DATA LISTING —
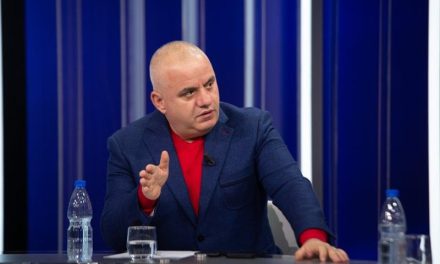 “Dikush tjetër qëndron pas Ramës”, Artan Hoxha: Nuk po krijohet shtet i Baba Mondit, por i Baba Edit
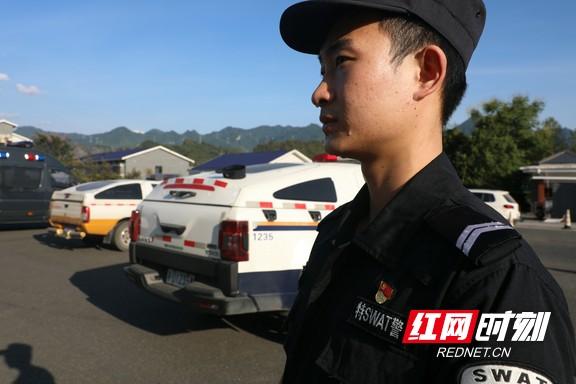 龙山公安特巡警:用铁韵铿锵的脚步巡出一方平安休闲区蓝鸢梦想 - Www.slyday.coM 龙山公安特巡警:用铁韵铿锵的脚步巡出一方平安休闲区蓝鸢梦想 - Www.slyday.coM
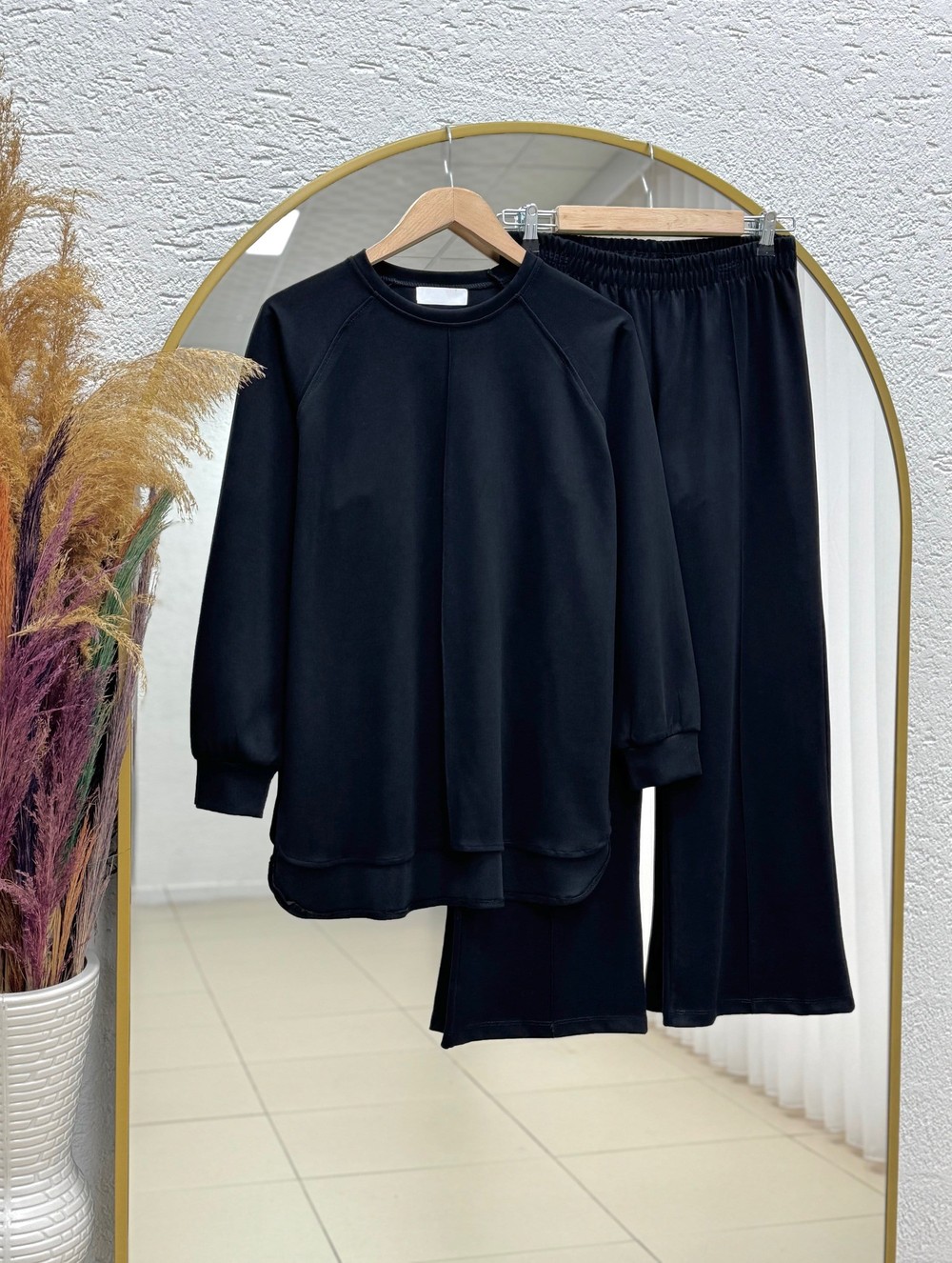 Evrenay Önü Ve Kolu Dikişli Altı Oval Pantolonlu Takım-MF1879 Siyah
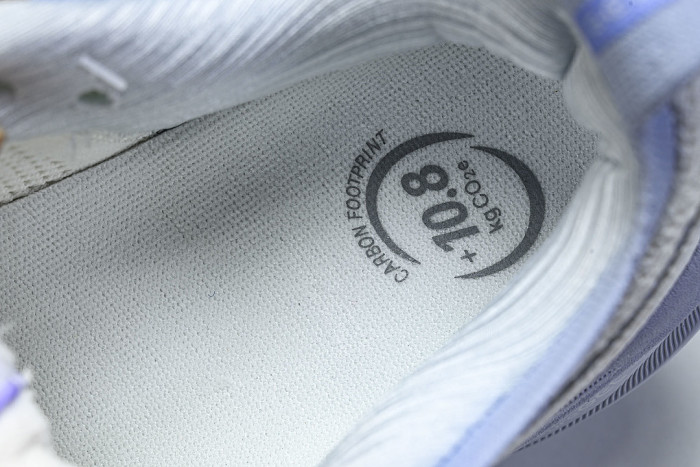 1012B601-100 GEL-NIMBUS 26 WHITE/FRESH AIR
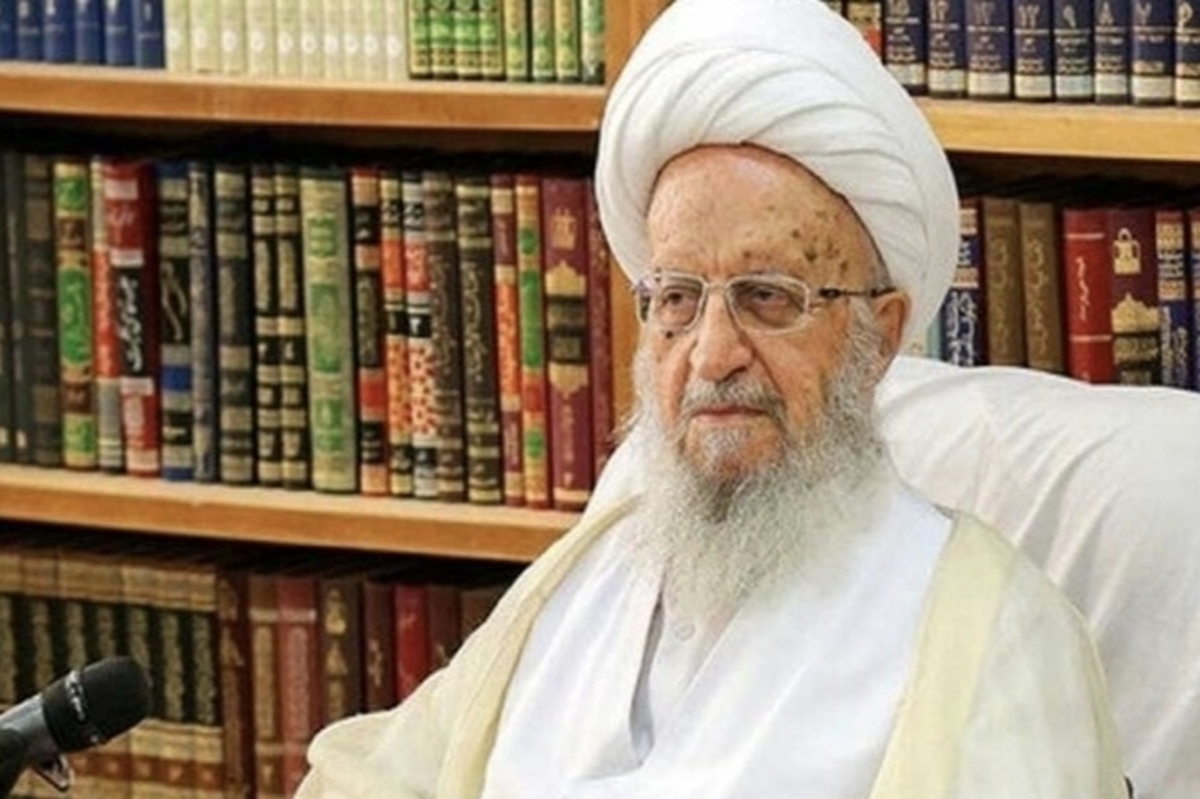 آیت‌الله مکارم‌شیرازی: جسارت به امام خامنه‌ای را بر‌نمی‌تابیم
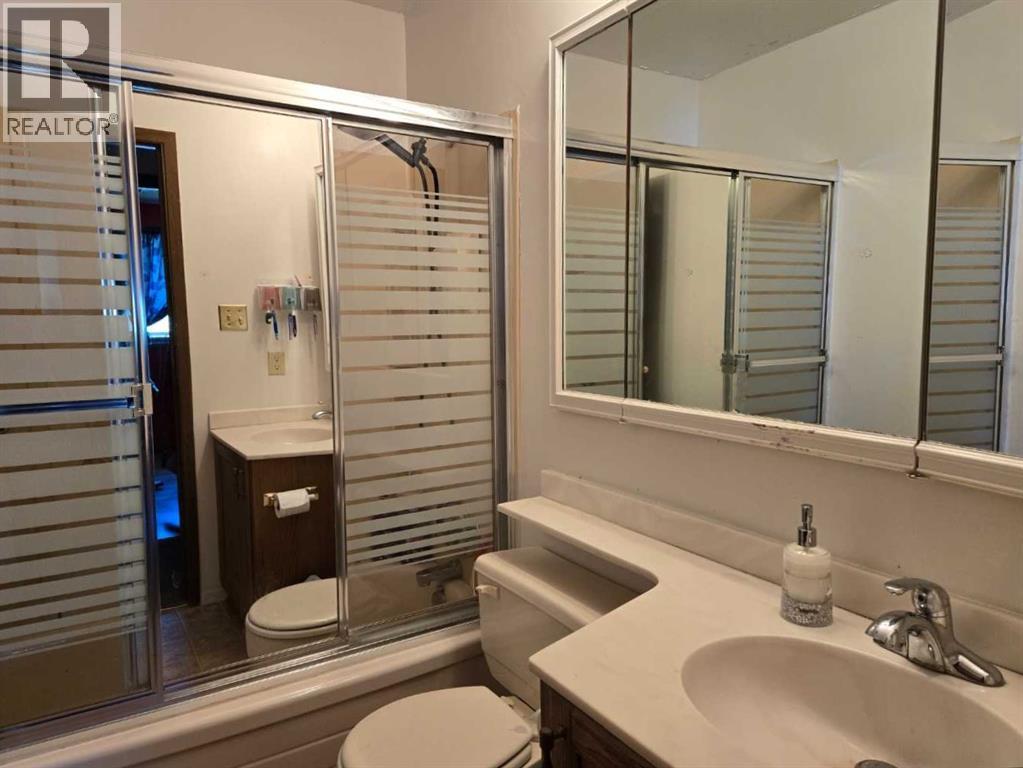 3002 225 Street, Bellevue, Alberta  T0K 0C0 - Photo 14 - A2264792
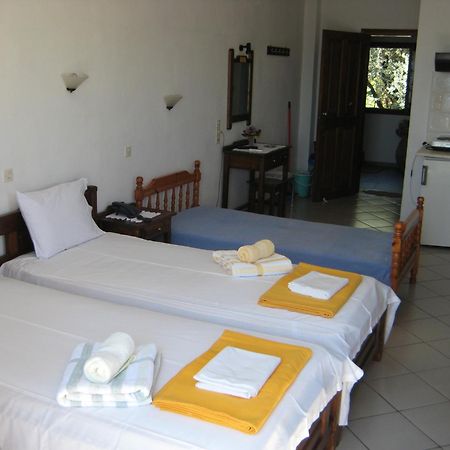 Felitsia Apartments & Studios Agios Ioannis  Bagian luar foto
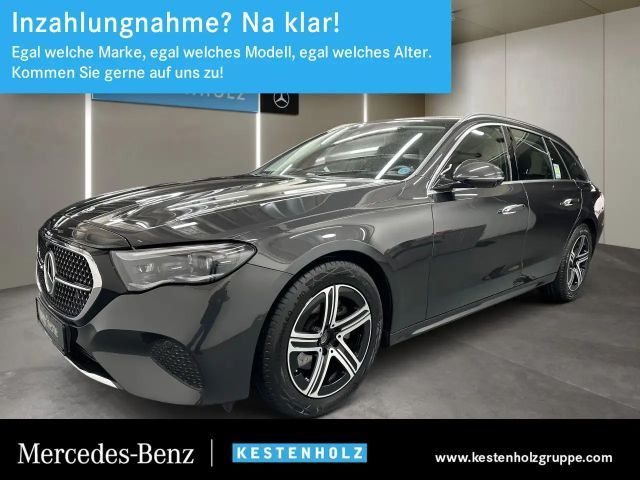 Mercedes-Benz E 200 T-Modell Avantgarde 360°+MEMORY+DIGITLGHT 2025 Benzine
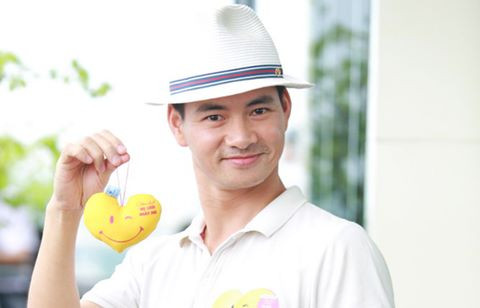 MC Hoài Anh và Xuân Bắc, Tự Long, gửi quà độc đáo tặng U23 Việt Nam ảnh 3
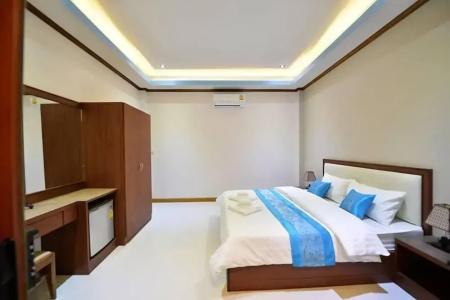 Dusit Phuphaya - 11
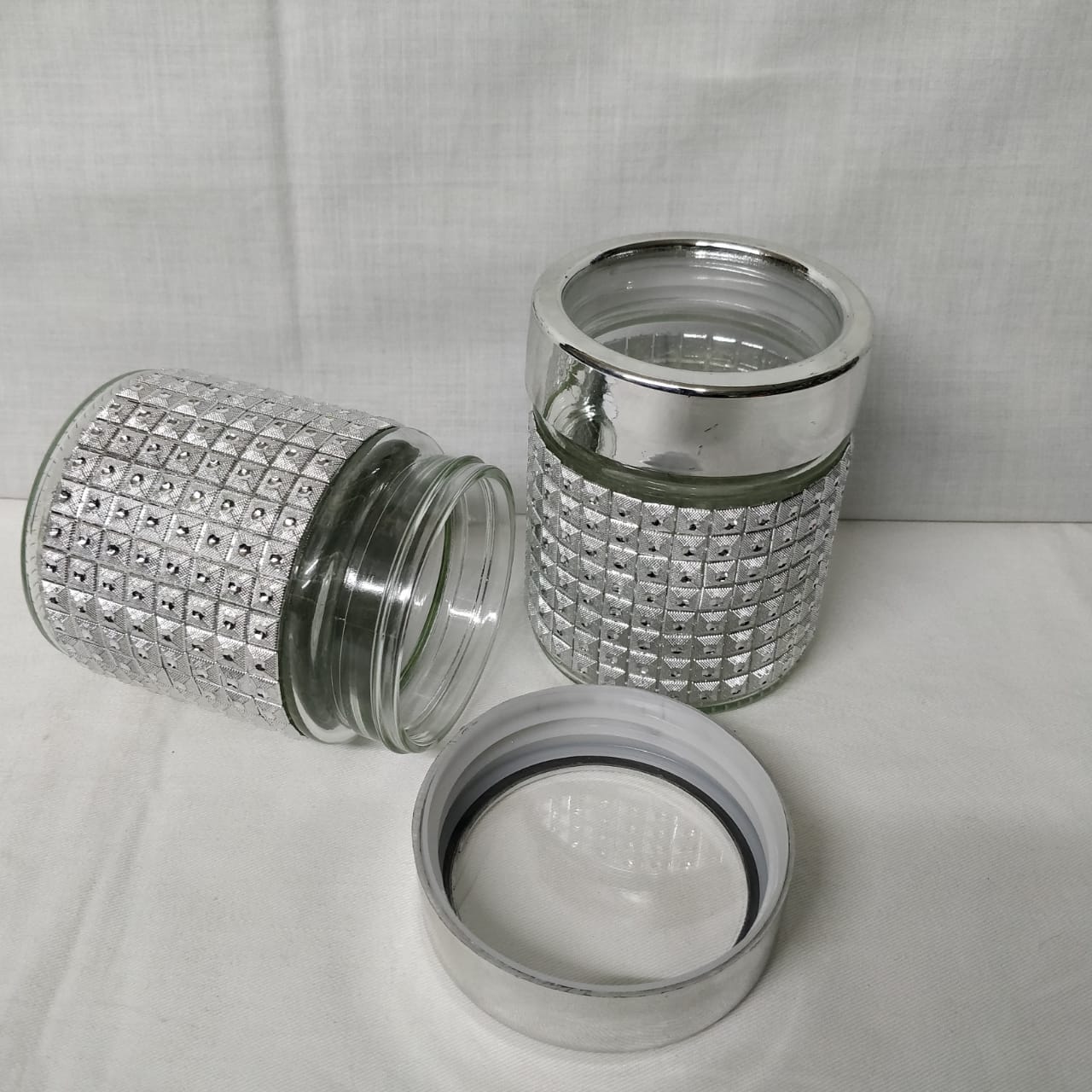 300ml Elegant Glass Storage Jar with Gold/Silver Lid – Decorative Airtight Container for Spices, Candy, Sugar & Snacks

TASK INSTRUCTIONS —
Print again, exactly, the lines of the records above from the first line through the line with "Mercedes-Benz E 200". No pictures.

RESPONSE —
 “Dikush tjetër qëndron pas Ramës”, Artan Hoxha: Nuk po krijohet shtet i Baba Mondit, por i Baba Edit
 龙山公安特巡警:用铁韵铿锵的脚步巡出一方平安休闲区蓝鸢梦想 - Www.slyday.coM 龙山公安特巡警:用铁韵铿锵的脚步巡出一方平安休闲区蓝鸢梦想 - Www.slyday.coM
 Evrenay Önü Ve Kolu Dikişli Altı Oval Pantolonlu Takım-MF1879 Siyah
 1012B601-100 GEL-NIMBUS 26 WHITE/FRESH AIR
 آیت‌الله مکارم‌شیرازی: جسارت به امام خامنه‌ای را بر‌نمی‌تابیم
 3002 225 Street, Bellevue, Alberta  T0K 0C0 - Photo 14 - A2264792
 Felitsia Apartments & Studios Agios Ioannis  Bagian luar foto
 Mercedes-Benz E 200 T-Modell Avantgarde 360°+MEMORY+DIGITLGHT 2025 Benzine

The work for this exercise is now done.